◆ ACTIVITY ◆
Task for the records below: repeat the line containing "Farmhouse Animal Dish" and every line after it, exactly and with nothing else, but leave out the pictures.
--- RECORDED DATA Enclosed Below ---
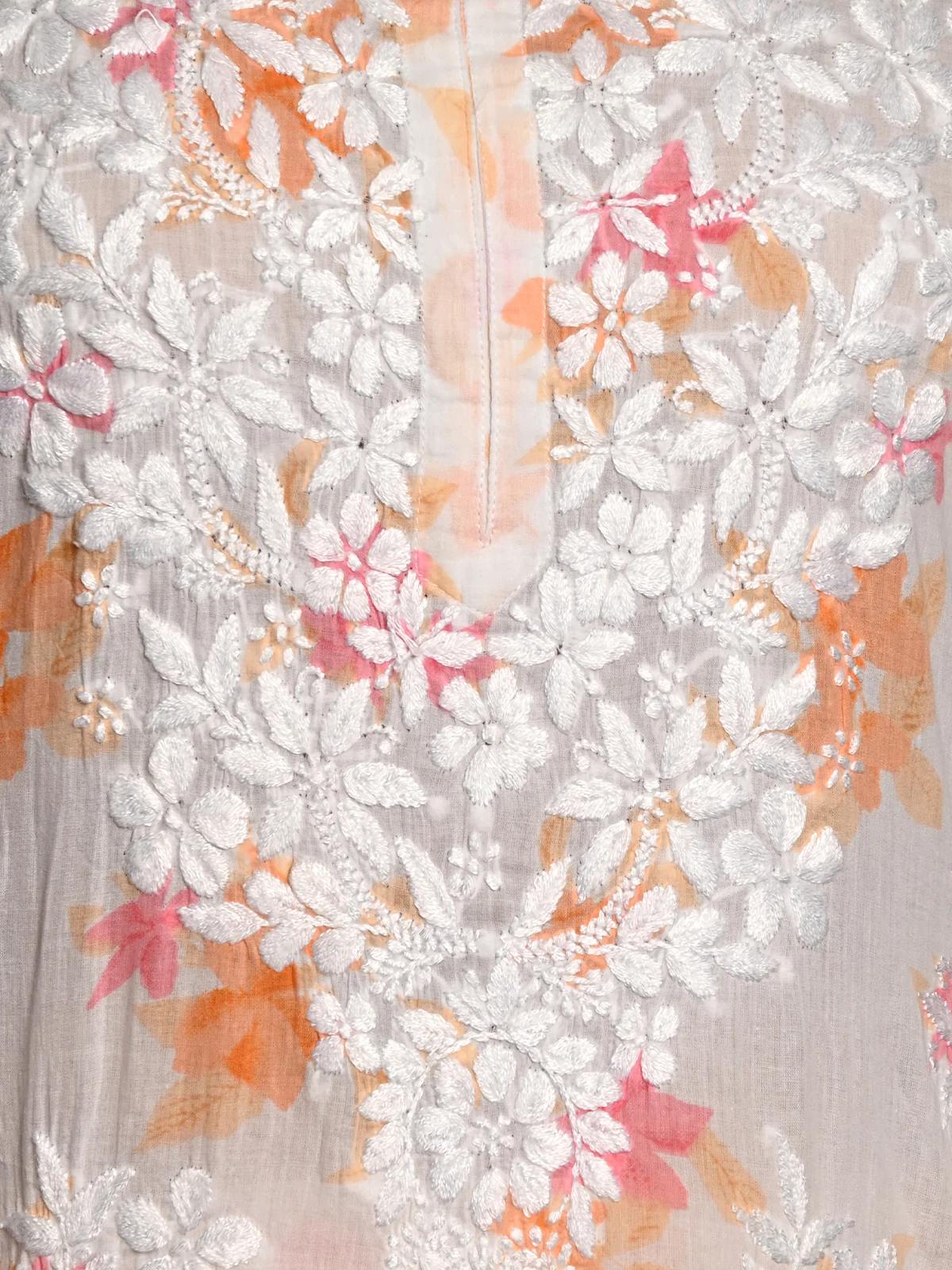 Odette Women White Floral Printed Cotton Voile Chikankari Embroidered Stitched Kurta With Palazzo - Image 5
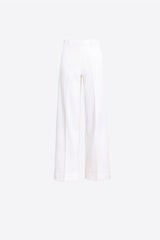 WHITE PUNTO CREPE FLARED-LEG TROUSERS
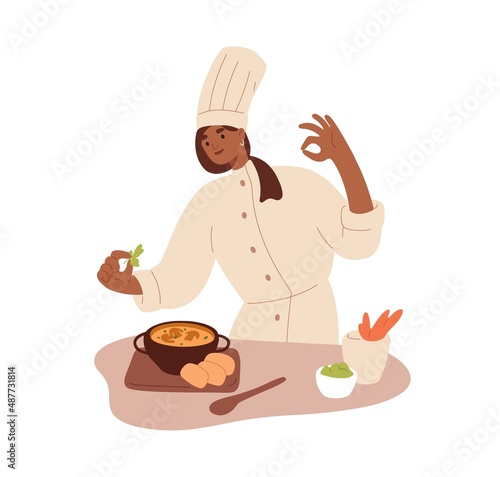 Chef cooking restaurant dish, decorating it with greens, seasonings. Woman cook preparing food, soup. Culinary art, refined cuisine concept. Flat vector illustration isolated on white background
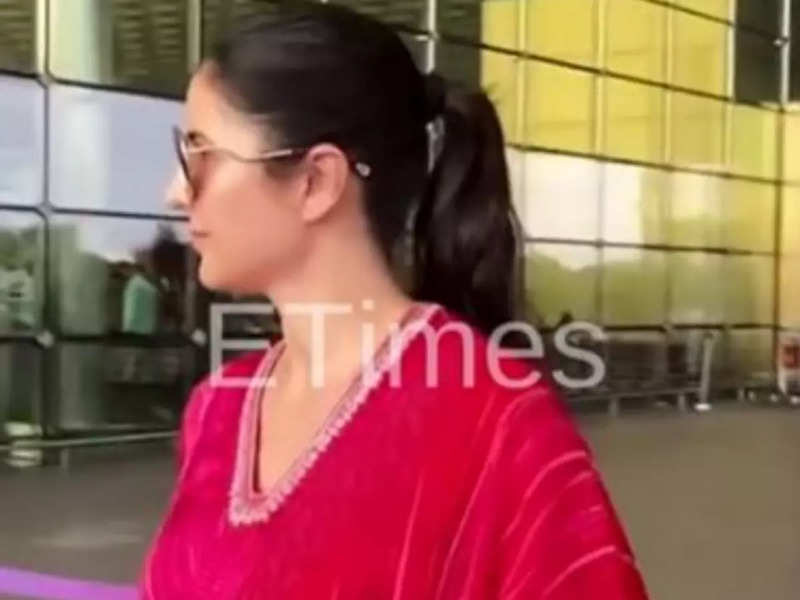 Katrina Kaif makes a stunning airport appearance in pink kurta, her smile when asked about Vicky Kaushal's 'Bijli' song is too cute to miss - Watch video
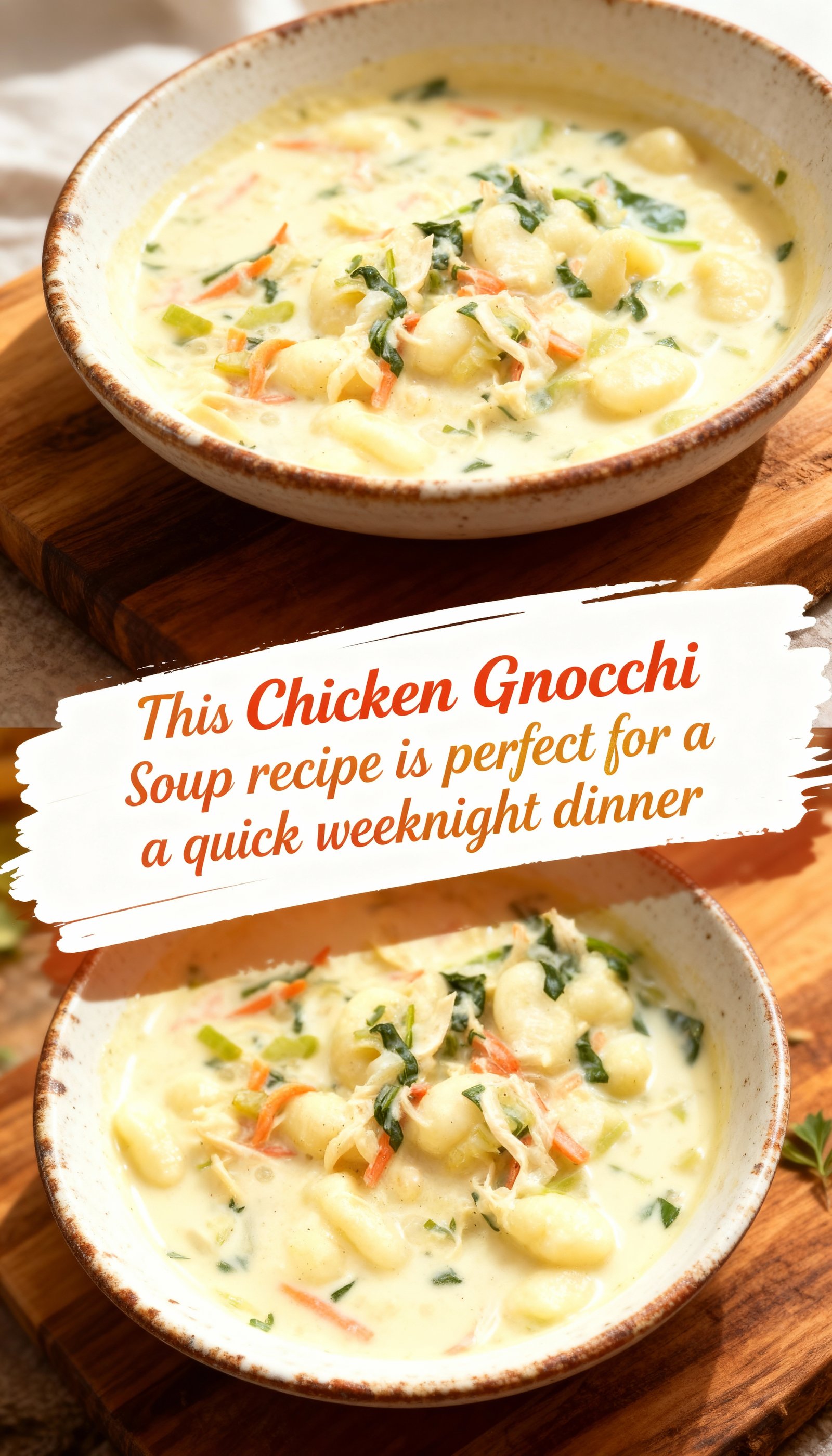 This Chicken Gnocchi Soup recipe is perfect for a quick weeknight dinner finished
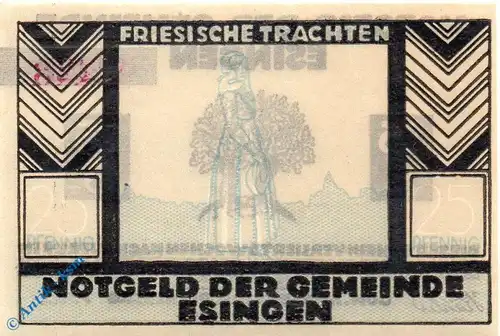 Notgeld Esingen , 25 Pfennig Schein Nr 1 , Mehl Grabowski 353.1 , Schleswig Holstein Seriennotgeld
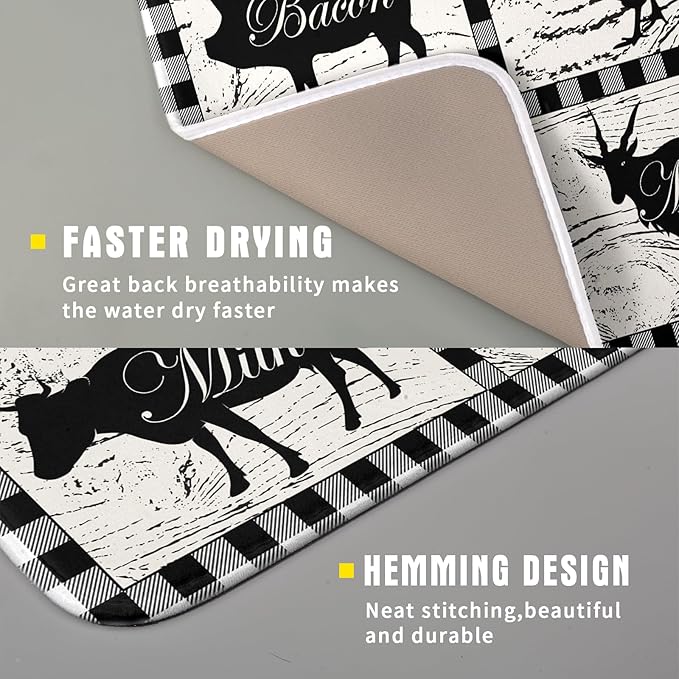 Farmhouse Animal Dish Drying Mat Buffalo Plaid Drainer Rack Mats Fast Dry - Image 3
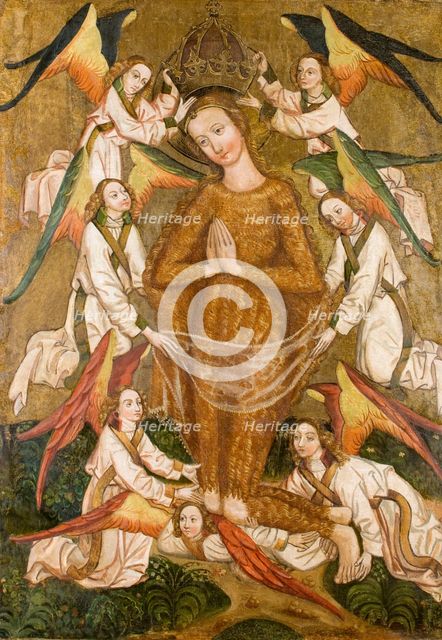 Saint Mary Magdalene Lifted by Angels, Altar Retable from the Church in Moszczenica Nizna..., c1480. Creator: Unknown.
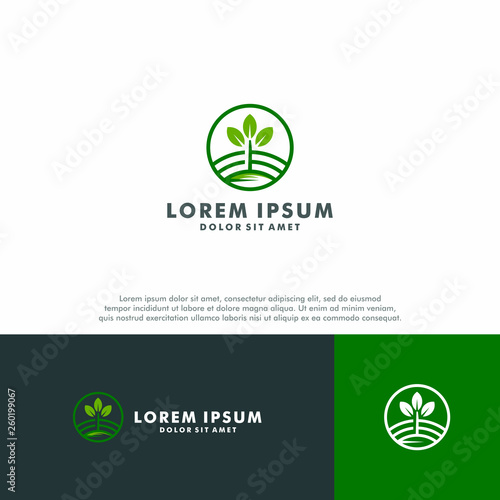 Nature Farm logo template, Garden icon design vector illustration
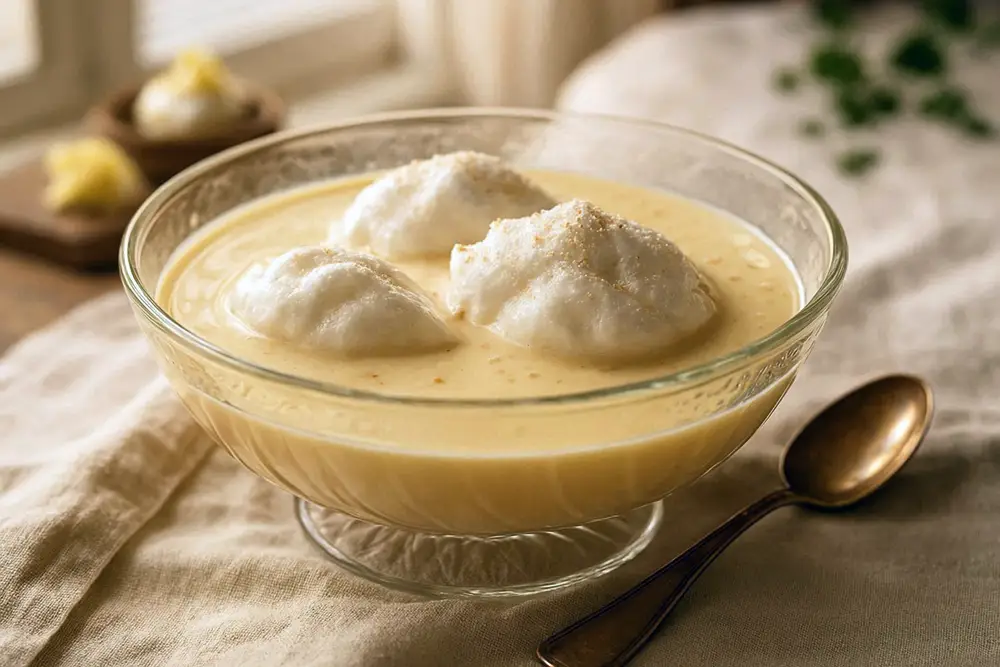 Soft white meringue dumplings floating in pale yellow vanilla custard in a glass bowl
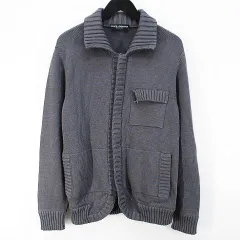 ドルチェ&ガッバーナ ドルガバ DOLCE&GABBANA 長袖 ニット カーディガン 48 グレー 灰 リブ ジップアップ 3P 綿 コットンのサムネイル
--- End of Enclosed RECORDED DATA ---
◆ SOLUTION FOR THIS PROBLEM ◆
 Farmhouse Animal Dish Drying Mat Buffalo Plaid Drainer Rack Mats Fast Dry - Image 3
 Saint Mary Magdalene Lifted by Angels, Altar Retable from the Church in Moszczenica Nizna..., c1480. Creator: Unknown.
 Nature Farm logo template, Garden icon design vector illustration
 Soft white meringue dumplings floating in pale yellow vanilla custard in a glass bowl
 ドルチェ&ガッバーナ ドルガバ DOLCE&GABBANA 長袖 ニット カーディガン 48 グレー 灰 リブ ジップアップ 3P 綿 コットンのサムネイル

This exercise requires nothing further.